We employ people and contribute to local regional and national economies, so really, we're good guys.

Only sociopaths in suits try to prevent people from making things free as in both cost and freedom. Blame the economy for working as designed. but the problem at an individual level is solved.ĭon't blame Google.
Pwsafe vs keeweb password#
So why should anybody pay for a password manager when this is a solved problem? Sure, the algorithm might want tweaking one day.

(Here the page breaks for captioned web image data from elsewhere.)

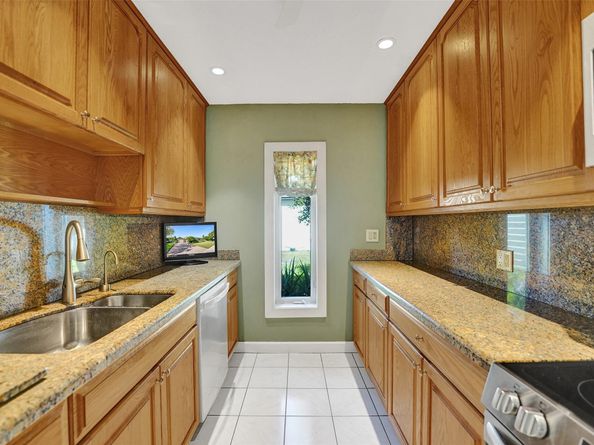 5562 SW 1st Ct, Plantation FL 33317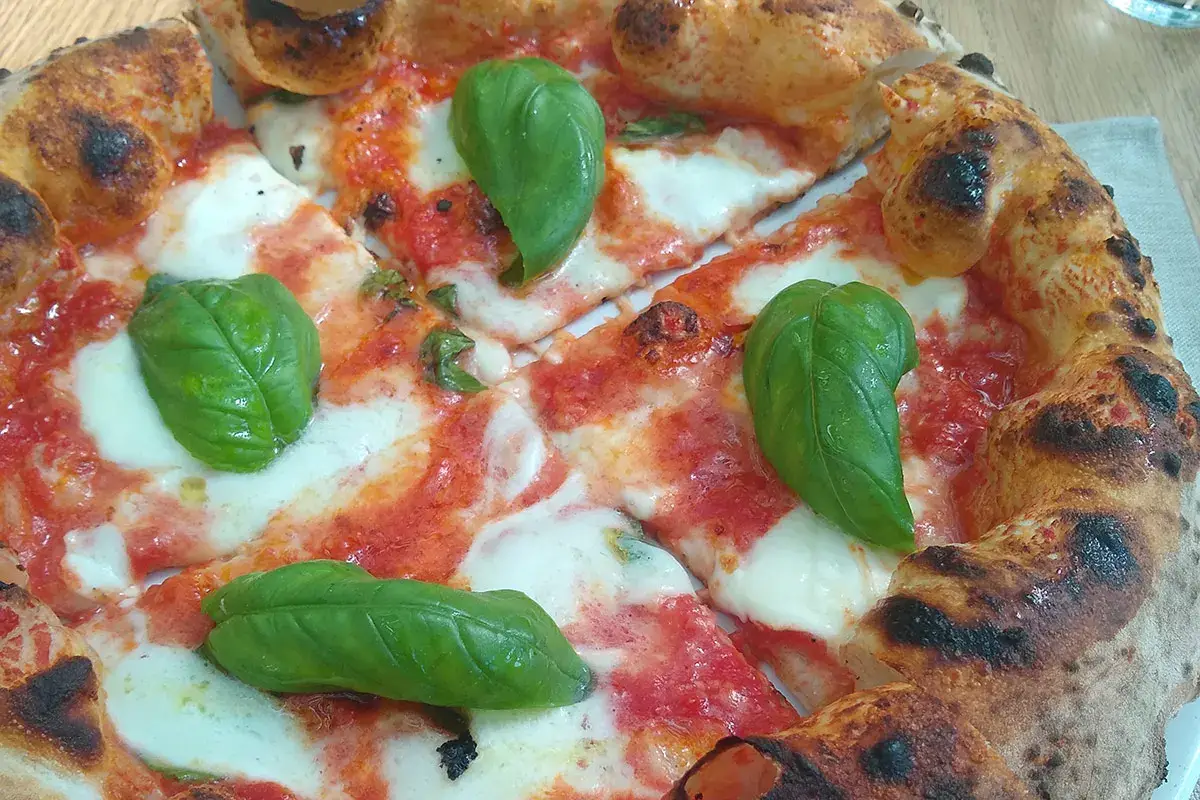 La pizza Caserta La Bolla, ristorante con annesso albergo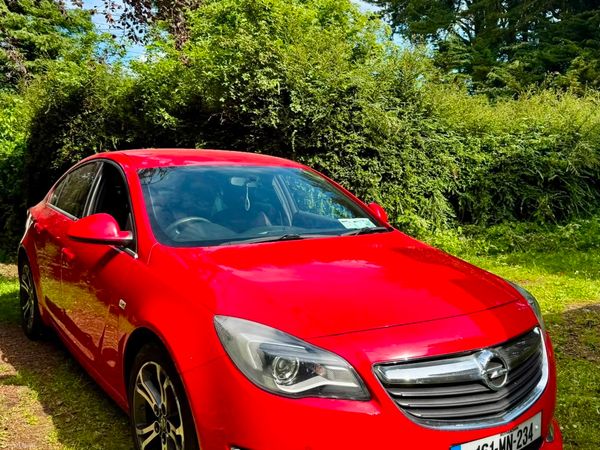 Opel Insignia Hatchback, Diesel, 2016, Red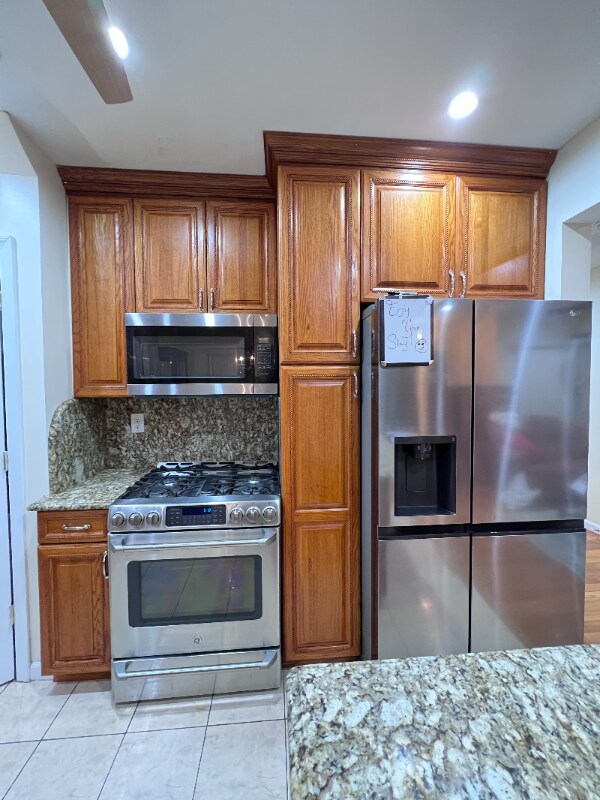 Foto del edificio - 223-42-223103 103rd Ave
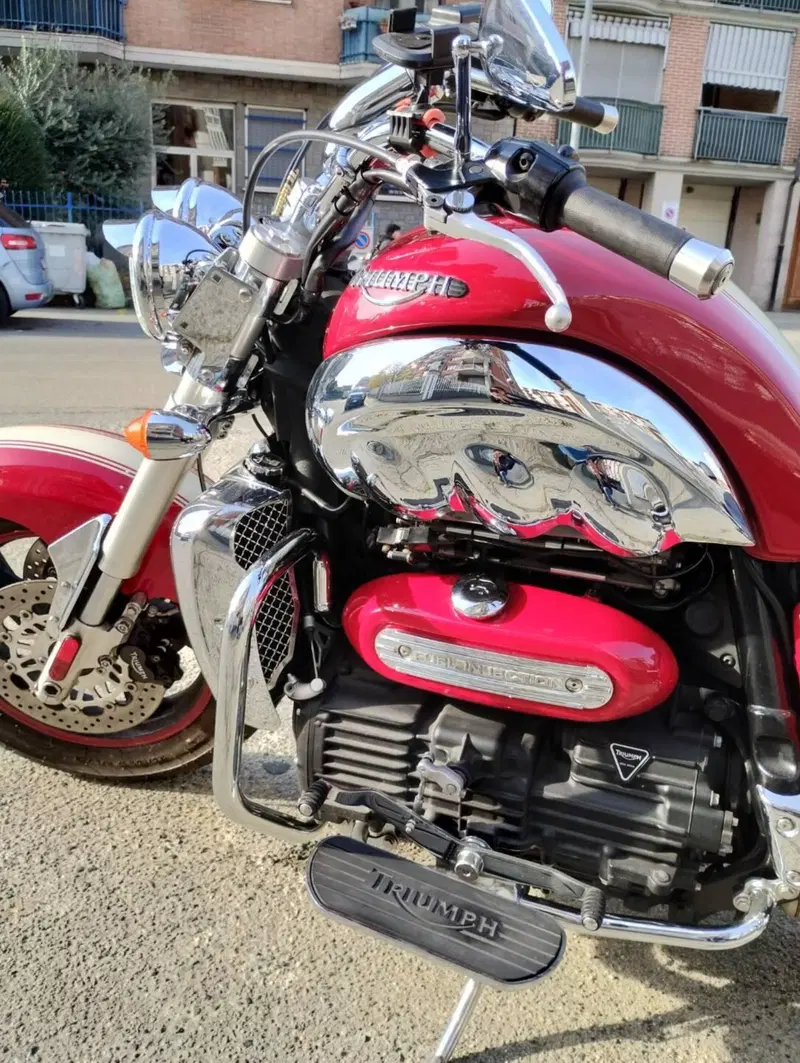 Triumph Rocket 3 Classic (2006 - 11)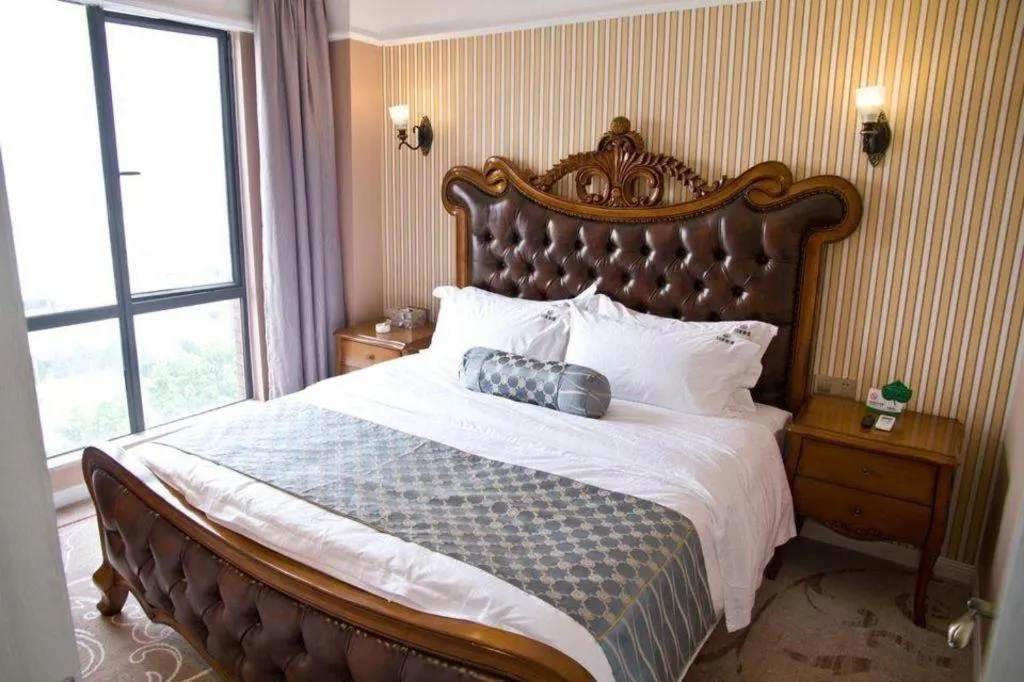 Bed in Guangzhou Impression Hotel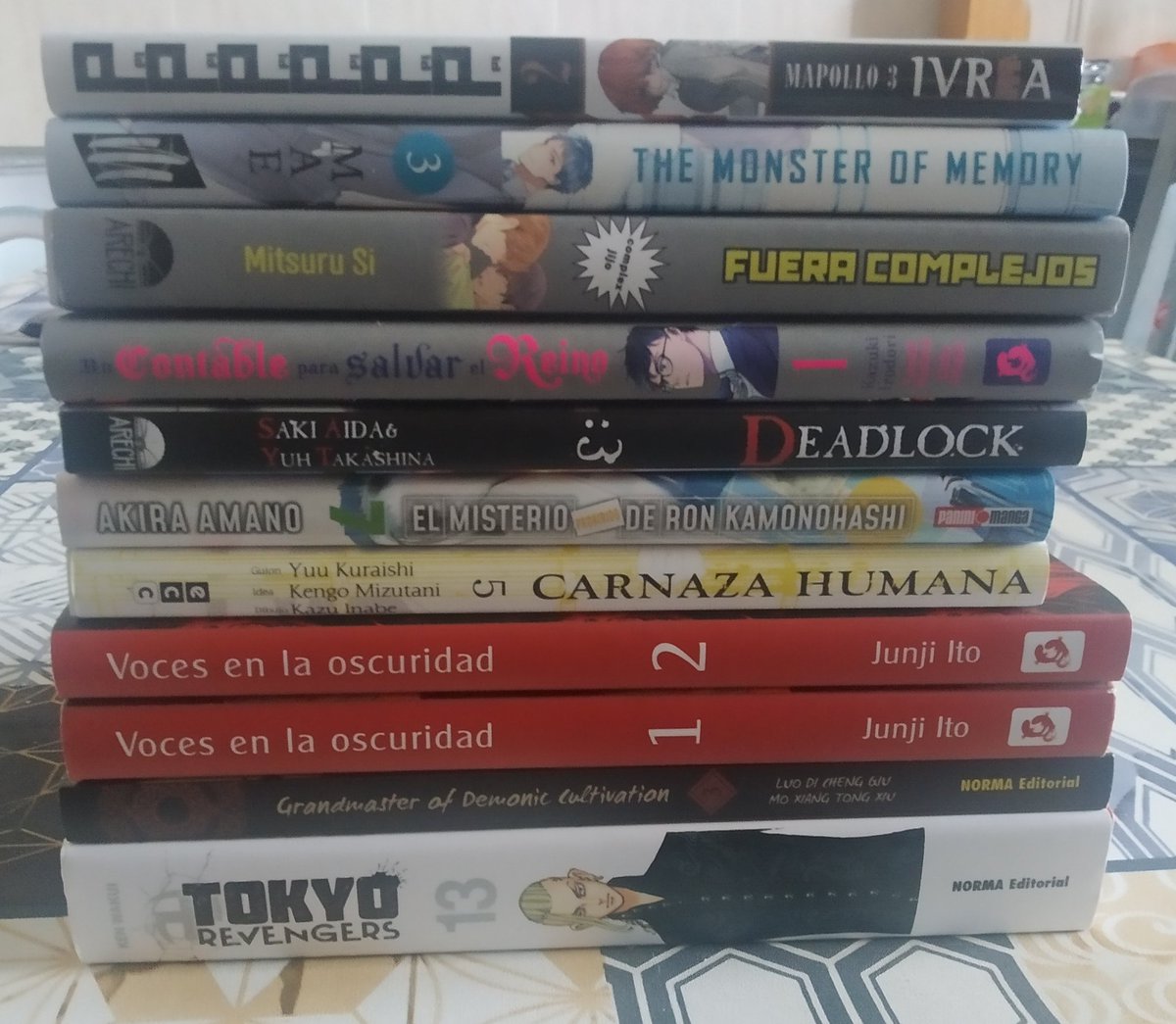 ArbolaMusic's tweet photo. Compras #manga del mes de #abril ! ❤🥰😍🤩
@Ivrea  @eccediciones  @MoondustEdi  @MangaPaniniEsp 
@NormaEdManga  @TomodomoEd 
@ArechiManga https://t.co/d1qtegv8ba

Pwsafe vs keeweb for free#
pwdhash clients have been implemented for just about every platform, for free and are easy to install and use. Even if your computer breaks, you're peachy as long as you don't forget that one password. It has permanently resolved the problem of needing to remember different passwords for every service one uses, you just memorise one master password and that's it. Some clever folks at Stanford invented a solution 15 years ago (called pwdhash) which is super effective, free and doesn't require any passwords to be stored electronically in the first place.It doesn't need any regular maintenance and the algorithm can on a toaster these days. Personal password management is one such example. Sometimes, breakthroughs mean that entire classes of product go from expensive to essentially free overnight. Trade is but one vehicle for lowering costs toward the goal of making a given class of product free. The whole point of an economy is to economise, as in, to reduce overall cost over time until the product/service is free. (And theirs are typically neither strong nor unique, but I'm not fighting that battle.) So please enlighten me how I'm supposed to manage all those passwords without a password manager? I even have some saved passwords belonging to friends and family, given to me in my unpaid support role, which I keep against the day their password system stops working for them, and I'm asked to help with *that*. My password manager has over 500 passwords, all strong and all unique. "but not literate enough to know password managers are a bad idea" I actually have three different password managers on my mobile: the paid one I use, and two cloudy ones I evaluated for other people. I paid for it, but there's no way I will ever pay a subscription for software. "you have to be IT literate enough to not trust Google to store your passwords in chrome and CC details in pay,"Īs mentioned by another, my password manager uses local storage only.